Portland Taiko: Big Bang, Newmark Theater, Portland, Oregon, USA (September 2003)
Autumn has always been my favorite time of year. So many good things happen in September and October...my birthday, the beginning of the school year, harvest time, Halloween. And a few years ago I discovered one more reason to love September: Portland Taiko's annual fall show. This is my fourth year in attendance, and every year they just get better and better.
This year's show, entitled Big Bang, was also the release party for their new CD of the same title. As such, they performed all of the pieces from the CD, though not in the same order that they appear on the album; they also performed three additional compositions.
The show opened with "Ha!", a piece written by Portland Taiko's head intern Kristy Oshiro and Portland Taiko member Karen Tingey. "Ha!" was one of my favorites at last year's show and it still is. An energetic, joyful piece, it has grown tighter and at the same time more fluid as PT has worked with it over the past year; it was an ideal opener for the show, gathering up the performer's energy, their ki, and showering the audience with the rhythm, music, and general good vibrations which the members of PT seem to spread so effortlessly.
There was no drop in vigor as they moved into the next piece, another showcase bit called "Oyakodon-don!" written by co-chairman Zack Semke. The program says this piece "features free solos built on a loose framework" but truth be told it's hard to tell when PT members are improvising and when they're note-perfect and on score; they're just that natural when it comes to their performance. There is never a stiff moment, never a move that seems rigid or formal, even in pieces like "Taikokinesis" which is obviously intricately choreographed. Even the occasional misstep is incorporated, handled, and quickly forgotten by an entranced audience.
I'm a percussion addict, and so for me the weakest moments in a taiko show are usually those pieces which heavily involve the fue (bamboo flute). PT member Teresa Enrico is gifted with the ability to play the fue beautifully, and two pieces in this show particularly display her talents. "Soliloquy" by Rachel Ebora and "All is Well" by Enrico herself rely much on her skills with the fue, and rather than finding them a lull in the show I found both works harmonious and fascinating -- a credit to both the performers and the composers. Ebora, longtime PT member and the playful jester of the group, also contributes a brightly comic composition called "Lima" which makes use of such nontraditional instruments as little squeaky bulb horns (from a child's bicycle, perhaps?) and much mugging on the part of the artists onstage.

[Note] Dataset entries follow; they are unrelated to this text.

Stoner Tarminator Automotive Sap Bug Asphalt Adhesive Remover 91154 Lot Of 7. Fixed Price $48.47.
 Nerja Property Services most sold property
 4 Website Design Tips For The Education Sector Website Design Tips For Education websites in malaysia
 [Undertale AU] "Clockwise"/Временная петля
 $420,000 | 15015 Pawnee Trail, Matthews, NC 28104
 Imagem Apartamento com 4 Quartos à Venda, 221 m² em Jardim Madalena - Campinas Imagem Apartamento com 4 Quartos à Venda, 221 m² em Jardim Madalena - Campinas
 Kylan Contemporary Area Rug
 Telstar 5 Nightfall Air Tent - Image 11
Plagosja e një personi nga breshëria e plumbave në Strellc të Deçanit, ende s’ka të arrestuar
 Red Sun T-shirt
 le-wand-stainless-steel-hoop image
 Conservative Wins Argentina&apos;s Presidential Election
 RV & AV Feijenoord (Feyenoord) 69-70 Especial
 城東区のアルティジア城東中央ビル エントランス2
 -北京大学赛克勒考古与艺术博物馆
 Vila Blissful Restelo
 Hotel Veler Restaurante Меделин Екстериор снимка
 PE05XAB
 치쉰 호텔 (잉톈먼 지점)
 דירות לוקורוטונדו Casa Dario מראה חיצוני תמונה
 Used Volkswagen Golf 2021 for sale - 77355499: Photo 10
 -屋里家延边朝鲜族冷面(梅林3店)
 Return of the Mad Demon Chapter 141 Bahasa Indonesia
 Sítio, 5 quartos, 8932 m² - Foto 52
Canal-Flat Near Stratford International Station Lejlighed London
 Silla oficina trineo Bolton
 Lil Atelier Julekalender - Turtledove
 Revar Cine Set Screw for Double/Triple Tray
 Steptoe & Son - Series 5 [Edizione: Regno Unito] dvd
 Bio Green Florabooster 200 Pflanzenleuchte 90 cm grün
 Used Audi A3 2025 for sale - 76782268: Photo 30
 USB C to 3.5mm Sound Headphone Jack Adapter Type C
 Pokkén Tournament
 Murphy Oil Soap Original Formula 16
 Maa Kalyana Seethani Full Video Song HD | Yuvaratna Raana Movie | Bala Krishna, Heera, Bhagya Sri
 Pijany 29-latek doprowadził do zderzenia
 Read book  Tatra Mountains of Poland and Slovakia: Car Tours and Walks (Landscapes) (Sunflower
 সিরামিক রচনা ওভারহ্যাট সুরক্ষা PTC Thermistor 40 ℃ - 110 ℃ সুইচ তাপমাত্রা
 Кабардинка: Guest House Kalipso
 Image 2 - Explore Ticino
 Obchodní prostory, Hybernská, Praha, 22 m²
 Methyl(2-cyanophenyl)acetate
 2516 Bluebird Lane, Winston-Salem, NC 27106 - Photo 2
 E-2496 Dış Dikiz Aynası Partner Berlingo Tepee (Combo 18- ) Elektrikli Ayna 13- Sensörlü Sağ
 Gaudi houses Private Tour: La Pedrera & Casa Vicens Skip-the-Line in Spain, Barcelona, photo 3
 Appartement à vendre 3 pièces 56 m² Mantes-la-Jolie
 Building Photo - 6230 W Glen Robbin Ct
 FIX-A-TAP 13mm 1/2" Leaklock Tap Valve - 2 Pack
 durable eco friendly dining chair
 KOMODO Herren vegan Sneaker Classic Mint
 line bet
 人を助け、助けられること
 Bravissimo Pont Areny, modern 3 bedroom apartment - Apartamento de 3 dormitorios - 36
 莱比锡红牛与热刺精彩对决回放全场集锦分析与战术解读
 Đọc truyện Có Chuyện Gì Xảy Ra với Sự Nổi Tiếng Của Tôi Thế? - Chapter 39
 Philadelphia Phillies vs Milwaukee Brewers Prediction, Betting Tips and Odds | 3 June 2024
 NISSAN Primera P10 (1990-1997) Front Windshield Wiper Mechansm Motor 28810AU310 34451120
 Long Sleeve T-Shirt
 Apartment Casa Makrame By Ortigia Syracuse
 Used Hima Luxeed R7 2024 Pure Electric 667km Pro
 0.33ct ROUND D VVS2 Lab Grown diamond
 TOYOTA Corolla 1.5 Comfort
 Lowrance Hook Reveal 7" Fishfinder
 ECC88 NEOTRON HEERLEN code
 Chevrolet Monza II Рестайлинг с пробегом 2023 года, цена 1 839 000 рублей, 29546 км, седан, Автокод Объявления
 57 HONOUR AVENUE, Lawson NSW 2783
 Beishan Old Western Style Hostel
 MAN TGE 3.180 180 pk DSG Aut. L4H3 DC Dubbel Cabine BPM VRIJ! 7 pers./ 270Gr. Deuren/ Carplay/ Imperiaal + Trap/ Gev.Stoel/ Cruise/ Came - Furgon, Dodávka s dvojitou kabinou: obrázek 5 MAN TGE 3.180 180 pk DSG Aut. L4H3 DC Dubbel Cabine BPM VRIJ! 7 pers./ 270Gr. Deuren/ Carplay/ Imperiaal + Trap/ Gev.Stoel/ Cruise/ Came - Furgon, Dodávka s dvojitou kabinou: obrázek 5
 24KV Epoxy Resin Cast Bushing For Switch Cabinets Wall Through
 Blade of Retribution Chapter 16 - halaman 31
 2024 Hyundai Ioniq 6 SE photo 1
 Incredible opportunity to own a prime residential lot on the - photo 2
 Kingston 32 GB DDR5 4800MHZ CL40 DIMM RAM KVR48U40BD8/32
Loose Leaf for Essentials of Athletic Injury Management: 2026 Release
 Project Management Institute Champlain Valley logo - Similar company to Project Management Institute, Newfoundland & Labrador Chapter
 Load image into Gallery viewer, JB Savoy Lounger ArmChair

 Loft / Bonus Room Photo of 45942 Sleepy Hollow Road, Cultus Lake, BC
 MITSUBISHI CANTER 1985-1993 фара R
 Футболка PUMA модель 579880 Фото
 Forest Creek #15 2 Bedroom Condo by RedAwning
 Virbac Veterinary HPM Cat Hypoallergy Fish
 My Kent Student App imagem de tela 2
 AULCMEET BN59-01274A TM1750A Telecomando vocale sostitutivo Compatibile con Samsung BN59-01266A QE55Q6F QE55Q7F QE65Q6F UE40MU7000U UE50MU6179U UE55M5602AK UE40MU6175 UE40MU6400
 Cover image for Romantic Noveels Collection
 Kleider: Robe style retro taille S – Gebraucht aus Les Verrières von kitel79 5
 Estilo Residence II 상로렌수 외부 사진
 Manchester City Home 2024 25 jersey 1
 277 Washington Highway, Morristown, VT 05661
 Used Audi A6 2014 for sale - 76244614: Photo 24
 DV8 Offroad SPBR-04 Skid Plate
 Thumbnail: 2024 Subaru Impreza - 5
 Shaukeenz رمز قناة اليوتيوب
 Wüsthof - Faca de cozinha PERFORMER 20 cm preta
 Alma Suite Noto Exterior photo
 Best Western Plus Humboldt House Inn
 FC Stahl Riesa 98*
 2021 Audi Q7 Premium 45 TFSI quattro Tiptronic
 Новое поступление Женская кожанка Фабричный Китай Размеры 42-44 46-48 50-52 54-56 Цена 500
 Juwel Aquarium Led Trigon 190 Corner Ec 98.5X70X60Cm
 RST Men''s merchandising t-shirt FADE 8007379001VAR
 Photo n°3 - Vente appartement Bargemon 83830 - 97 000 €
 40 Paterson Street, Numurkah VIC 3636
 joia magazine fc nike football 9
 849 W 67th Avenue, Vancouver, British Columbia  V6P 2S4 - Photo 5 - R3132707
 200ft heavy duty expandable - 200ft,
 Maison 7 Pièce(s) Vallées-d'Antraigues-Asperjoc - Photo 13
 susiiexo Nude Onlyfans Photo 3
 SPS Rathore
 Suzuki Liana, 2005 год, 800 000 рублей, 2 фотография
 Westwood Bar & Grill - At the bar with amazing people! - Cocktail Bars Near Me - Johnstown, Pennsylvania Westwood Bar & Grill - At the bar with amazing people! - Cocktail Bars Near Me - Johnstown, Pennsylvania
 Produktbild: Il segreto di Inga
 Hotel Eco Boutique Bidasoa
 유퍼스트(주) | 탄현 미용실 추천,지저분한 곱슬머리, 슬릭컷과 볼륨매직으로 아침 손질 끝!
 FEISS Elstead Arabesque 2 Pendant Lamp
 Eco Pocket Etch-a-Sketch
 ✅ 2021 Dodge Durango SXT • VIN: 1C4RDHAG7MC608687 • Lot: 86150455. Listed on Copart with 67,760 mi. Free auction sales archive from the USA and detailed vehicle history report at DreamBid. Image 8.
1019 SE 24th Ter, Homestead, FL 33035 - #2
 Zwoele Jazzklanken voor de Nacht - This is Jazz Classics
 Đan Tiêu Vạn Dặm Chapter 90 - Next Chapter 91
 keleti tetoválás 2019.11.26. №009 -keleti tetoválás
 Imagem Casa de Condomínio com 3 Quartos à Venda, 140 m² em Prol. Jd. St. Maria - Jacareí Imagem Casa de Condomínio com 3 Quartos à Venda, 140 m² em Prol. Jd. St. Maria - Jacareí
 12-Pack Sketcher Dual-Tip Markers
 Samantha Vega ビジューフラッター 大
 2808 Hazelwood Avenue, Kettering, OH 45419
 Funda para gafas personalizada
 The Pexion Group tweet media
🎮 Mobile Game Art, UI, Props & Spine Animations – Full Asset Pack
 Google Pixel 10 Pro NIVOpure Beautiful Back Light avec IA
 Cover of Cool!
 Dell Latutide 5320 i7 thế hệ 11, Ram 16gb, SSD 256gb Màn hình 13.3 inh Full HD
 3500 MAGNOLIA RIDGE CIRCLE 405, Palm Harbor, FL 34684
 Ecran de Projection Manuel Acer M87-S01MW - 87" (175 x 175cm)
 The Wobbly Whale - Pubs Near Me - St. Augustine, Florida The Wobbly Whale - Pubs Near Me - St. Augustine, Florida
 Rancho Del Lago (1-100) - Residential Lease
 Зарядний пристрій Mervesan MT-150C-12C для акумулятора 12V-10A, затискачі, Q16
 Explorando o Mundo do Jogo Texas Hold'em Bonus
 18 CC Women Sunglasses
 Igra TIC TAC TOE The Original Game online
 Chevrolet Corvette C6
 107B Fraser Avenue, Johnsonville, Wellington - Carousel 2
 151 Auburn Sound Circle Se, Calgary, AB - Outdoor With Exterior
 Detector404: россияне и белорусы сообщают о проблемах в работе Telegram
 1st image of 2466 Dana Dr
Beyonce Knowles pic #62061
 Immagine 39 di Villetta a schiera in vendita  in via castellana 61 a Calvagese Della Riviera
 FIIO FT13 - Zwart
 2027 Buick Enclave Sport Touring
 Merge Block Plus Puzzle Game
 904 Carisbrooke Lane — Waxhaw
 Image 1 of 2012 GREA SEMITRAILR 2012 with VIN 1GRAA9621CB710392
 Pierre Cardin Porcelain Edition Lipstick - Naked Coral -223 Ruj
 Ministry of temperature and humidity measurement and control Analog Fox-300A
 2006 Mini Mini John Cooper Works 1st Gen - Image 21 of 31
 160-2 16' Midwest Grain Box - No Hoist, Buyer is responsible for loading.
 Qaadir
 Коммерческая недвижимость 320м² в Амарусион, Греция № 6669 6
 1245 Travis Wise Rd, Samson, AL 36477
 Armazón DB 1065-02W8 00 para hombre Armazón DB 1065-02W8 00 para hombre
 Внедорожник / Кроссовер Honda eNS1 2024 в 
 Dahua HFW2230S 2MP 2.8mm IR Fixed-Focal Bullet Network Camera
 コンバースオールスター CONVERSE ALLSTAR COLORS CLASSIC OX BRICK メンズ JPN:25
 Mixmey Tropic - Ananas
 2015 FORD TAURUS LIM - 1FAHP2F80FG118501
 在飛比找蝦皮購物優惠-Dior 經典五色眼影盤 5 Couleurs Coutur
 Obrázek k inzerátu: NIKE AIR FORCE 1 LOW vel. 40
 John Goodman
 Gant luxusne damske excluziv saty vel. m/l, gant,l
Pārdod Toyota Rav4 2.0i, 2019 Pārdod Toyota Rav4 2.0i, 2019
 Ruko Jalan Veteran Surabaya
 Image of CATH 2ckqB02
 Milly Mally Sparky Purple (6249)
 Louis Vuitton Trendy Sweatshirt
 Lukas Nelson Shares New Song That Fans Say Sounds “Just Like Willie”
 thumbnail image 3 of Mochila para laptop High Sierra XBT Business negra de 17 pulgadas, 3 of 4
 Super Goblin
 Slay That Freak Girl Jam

Portland Taiko is dedicated to educating their audience about the Asian American experience, and to that end have written some exquisite pieces exploring the history of Asians in America. One of their most poignant and dignified pieces, "A Place Called Home", delves into the shameful internment of Japanese Americans during World War II; this work incorporates slides and the recorded voices of former internees, as well as fue and drumming, into a powerful work about remembrance, honor, and justice.
"A Place Called Home" is one of several PT compositions which have matured since last I saw them performed. "Salmon Ghost", "Home", "Taikokinesis" -- these are pieces which have been nurtured and grown over the past year. Portland Taiko is a dynamic group: Zack Semke, Ann Ishimaru, Teresa Enrico, Kristy Oshiro, Rachel Ebora, Karen Tingey, and Naoko Amemiya have all composed pieces, but each of the other performers (Aya Akiyoshi, June Arima Schumann, Dane Fujimoto, Mark James, Alix Koyama, Valerie Otani, Lisa Tamura, and Robin Van Tine) brings something to the mix. The interplay during the performance was magical.
Portland Taiko is a highly skilled group, and a group that continues to forge, shape, and mold itself into new forms. Not a rigidly traditional group, not an avant garde distortion of tradition, PT is a group growing and blossoming, but with roots deeply entrenched. Big Bang is without a doubt the most impressive and entertaining Portland Taiko show I've been to yet; I wouldn't dare to say they won't get even better, because they always do.